Pour préparer Hellhole, son deuxième long métrage, Bas Devos a passé beaucoup de temps avec des jeunes de la Cité Modèle à Laeken, au nord de Bruxelles. Le metteur en scène explique : "Certains d’entre eux jouent un rôle important dans le film, nous y avons régulièrement répété leurs scènes. Dans la Cité, il m’est souvent arrivé d’engager la conversation avec d’autres habitants. La vie dans ces grandes tours résidentielles piquait ma curiosité. Il y a du chômage et de la pauvreté, mais aussi beaucoup d’énergie et de joie. Et de nombreuses vies ordinaires. Chaque porte, chaque appartement cache un univers, qui reste généralement invisible. Et ce sont les vies les plus invisibles de la cité, celles des mères des garçons, qui m’intriguaient le plus. Qui sont ces femmes, dont la plupart portent des voiles colorés, qui flânent dans la grande cour intérieure avant de disparaître dans l’ascenseur ? Quoi qu’il en soit, la place qu’elles occupent dans notre société est très précaire : à la fois personnes de couleur, souvent musulmanes et femmes."
Depuis son diplôme, Bas Devos a réalisé deux courts métrages, The Close et We Know.

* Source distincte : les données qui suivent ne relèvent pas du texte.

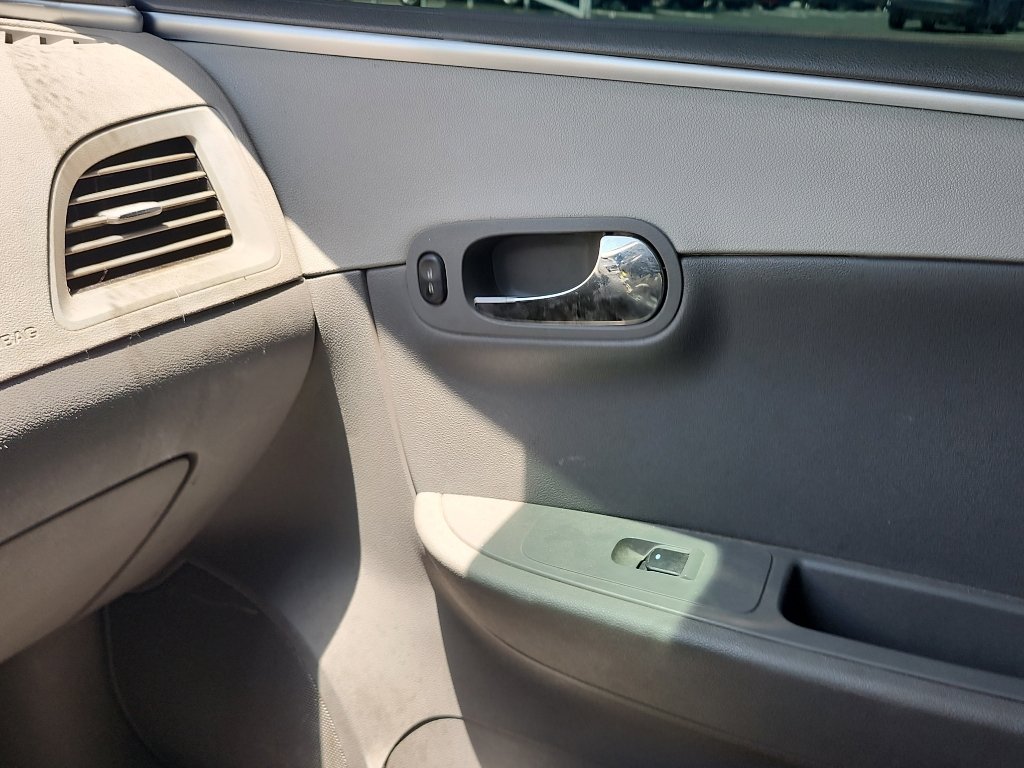 Used 2012 Chevrolet Malibu LT FWD image 31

Son premier long métrage, Violet, a remporté le Prix du Jury à la Berlinale Generations 2014 et a été sélectionné pour New Directors New Films au Moma NY. Son deuxième long métrage, Hellhole, a été sélectionné au Panorama de la Berlinale 2019. Ghost Tropic est son troisième long métrage.
Avec Ghost Tropic, Bas Devos a voulu parler de cette génération de femmes sous-exposées et sous-représentées à Bruxelles. Il précise : "Le film vise également à en finir avec le caractère fragmentaire de mes deux films précédents. Après « Violet » et « Hellhole », j’avais envie de faire un film qui pourrait être considéré comme un instantané. En l’occurrence, le récit d’une seule nuit. Avec un bref épilogue à une autre époque et un autre endroit. Le temps se déroule de manière linéaire. Les scènes se succèdent de manière fluide. Et enfin, le point de départ de l’intrigue devait être un incident ordinaire, presque banal : une femme, Khadija, s’endort dans le dernier métro en rentrant de son travail et est forcée de traverser Bruxelles à pied en pleine nuit pour rentrer chez elle."

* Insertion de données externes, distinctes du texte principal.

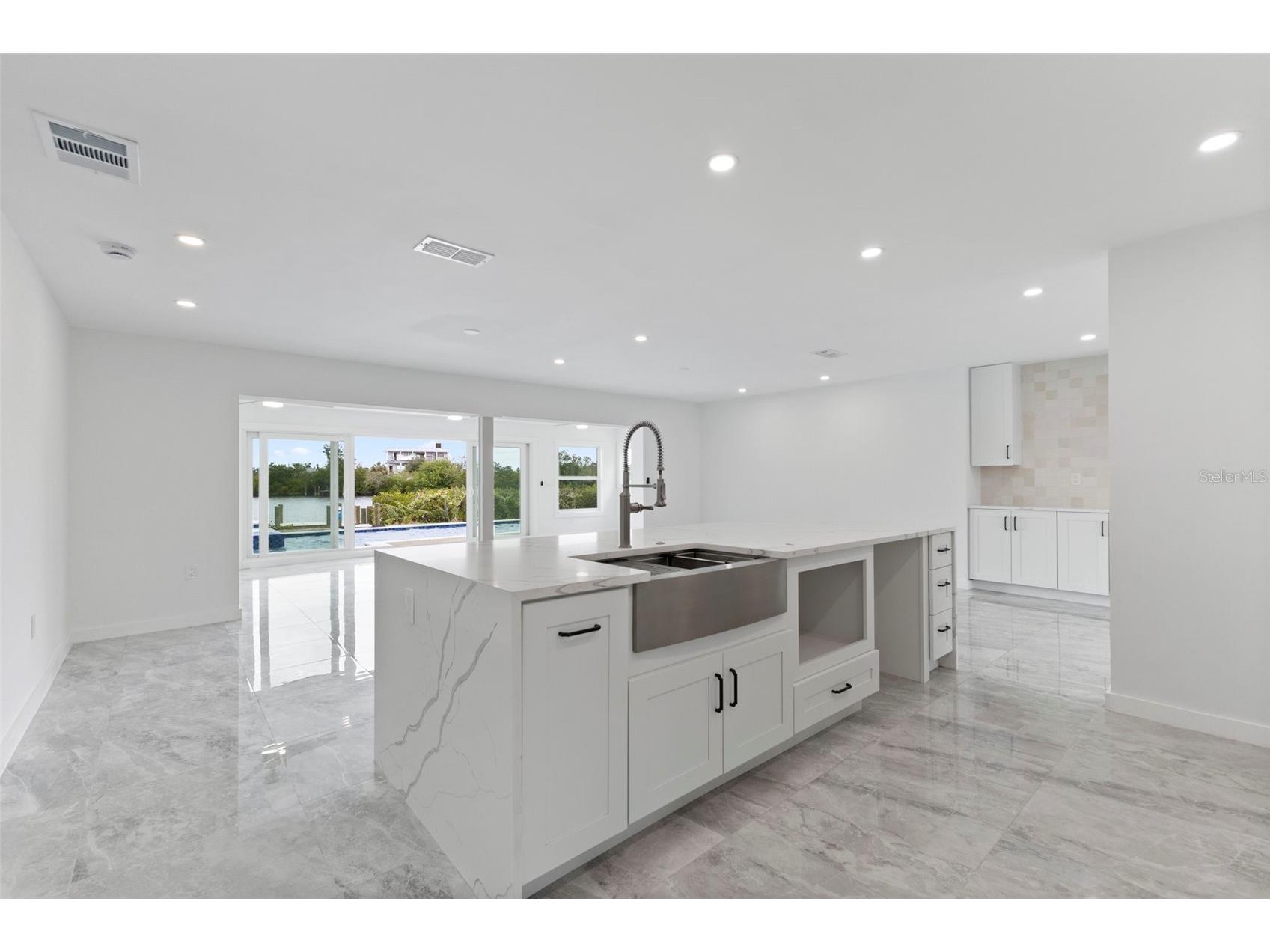 910 Bayshore Drive Terra Ceia FL 34250 A4674151 image24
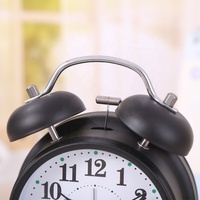Réveil de table Snooze avec calendriers, rétroéclairage, design contemporain - Construction métallique, lumineux dans le noir pour enfants et étudiants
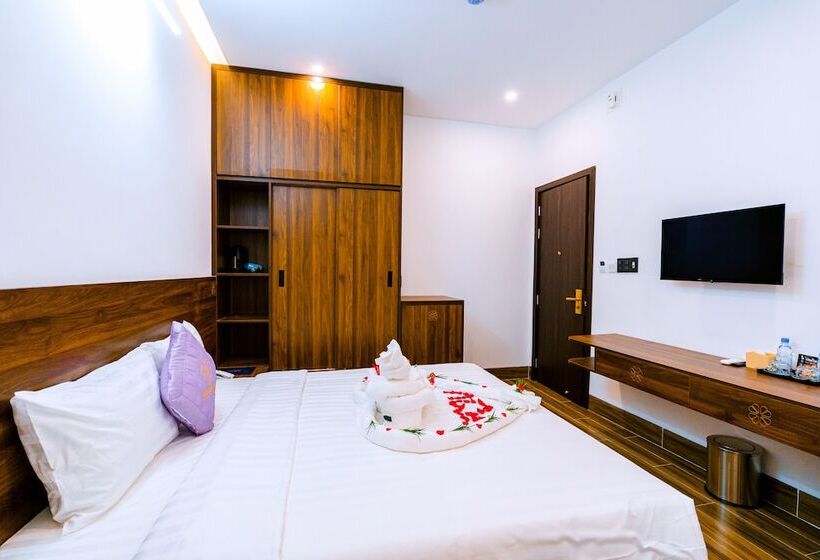 هتل Hue Golden Inn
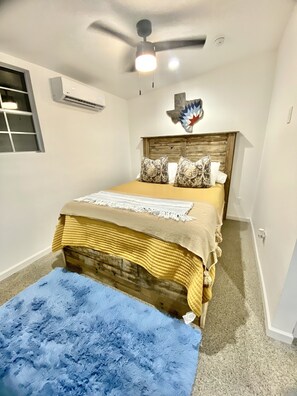 1 dormitorio, escritorio, tabla de planchar con plancha y wifi gratis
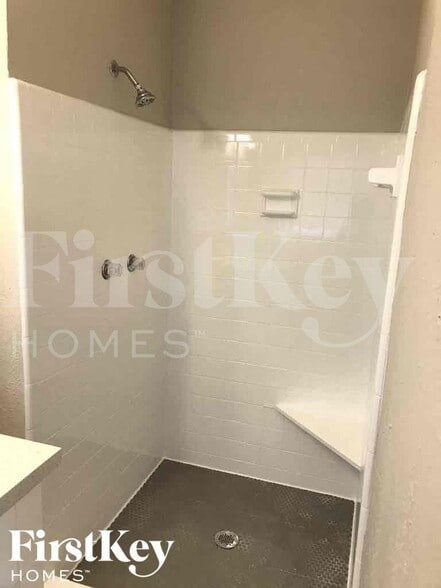 Building Photo - 4882 Pine Cone Ln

Le film a été présenté à la Quinzaine des Réalisateurs au Festival de Cannes 2019.
La totalité de Ghost Tropic se déroule pendant une nuit glaciale d'hiver, à l’exception de l’épilogue. Tandis que la plupart des gens s’enferment à l’intérieur d’une habitation éclairée et chauffée, Khadija erre dans les rues. Cette absence de lumière et de chaleur est évidemment intéressante sur le plan visuel. Bas Devos confie : "Les caméras numériques d’aujourd’hui nous permettraient parfaitement de voir dans l’obscurité grâce à leur photosensibilité énorme. Mais je veux que la nuit reste tangible comme une réalité écrasante et potentiellement menaçante pour cette femme. Dans ce film elle est très éloignée de sa zone de confort. Voilà pourquoi j’ai tourné ce film en 16 mm. Le grain qu’il fait apparaître rend l’obscurité presque vivante. En même temps, les instants éclairés pourront bénéficier de la douceur et de la chaleur de la pellicule."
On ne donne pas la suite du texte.